JAVA 1.6 and EncryptionTypes in AS-REQ are too Restrictive

Douglas E. Engert deengert at anl.gov
Thu Jul 15 15:57:27 EDT 2010


Possible bug in Java 1.6?

  Situation:
    KDCs - mixed AD domain with 2008 and 2003 DCs.

    Client - Java 1.6 program that uses Krb5LoginModule
    (i.e. Java kinit, or application) can fail on MacOS, Ubuntu,
     Solaris 10, Windows 7.

     User - User has changed password since domain converted
     to mixed 2008-2003.

Client issues first AS-REQ listing in the etype field AES(128 and/or 256),
DES3,RC4,DES as encryption types to 2008 KDC.
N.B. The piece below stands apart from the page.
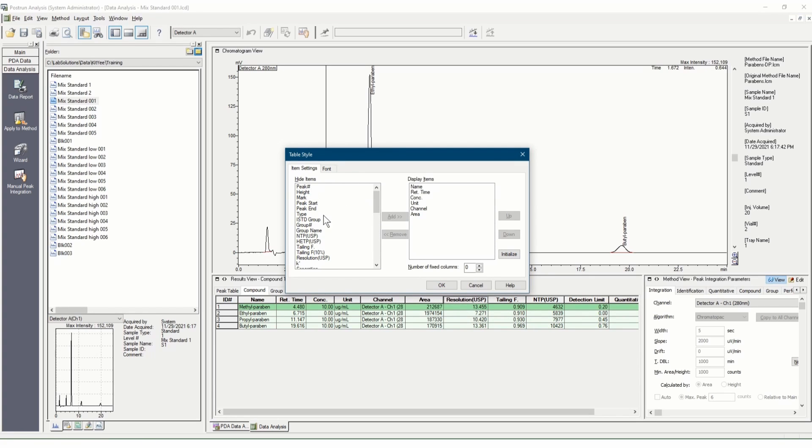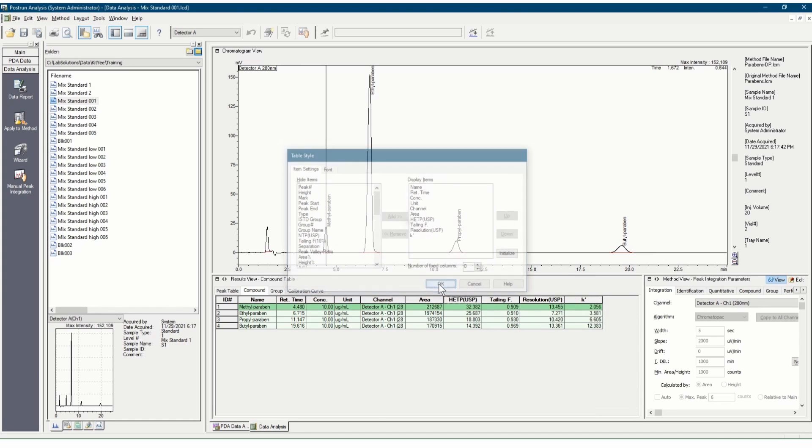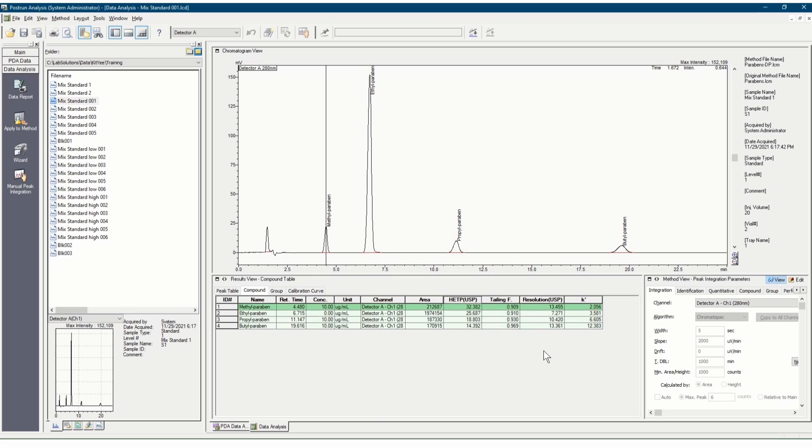Then, add parameters such as HETP, tailing factor, resolution, and K' to display items. Once you click OK, the values of these parameters will be displayed in the table.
KDC responds KRB5-ERROR PREAUTH_REQUIRED and lists the above encryption
types (minus the DES3) in PA-ENCTYPES-INFO2

Client sends second AS-REQ with PA-ENC-TIMESTAMP encrypted using AES(128 or 256)
but in the etype field it only lists the single AES type used for the timestamp.

Based on RFC 4120, sending only the single EncryptionType in the etype
might be considered the bug? Or is the client being to zealous in
trying to use only one EncryptioType?


(With mixed 2008-2003 DCs, the TGT must use RC4, as the TGT might be
  used against a 2003 DC that does not support AES. So DC returns
  KDC_ERR_ETYPE_NOTSUPP (14) as it think the client can not handle RC4.)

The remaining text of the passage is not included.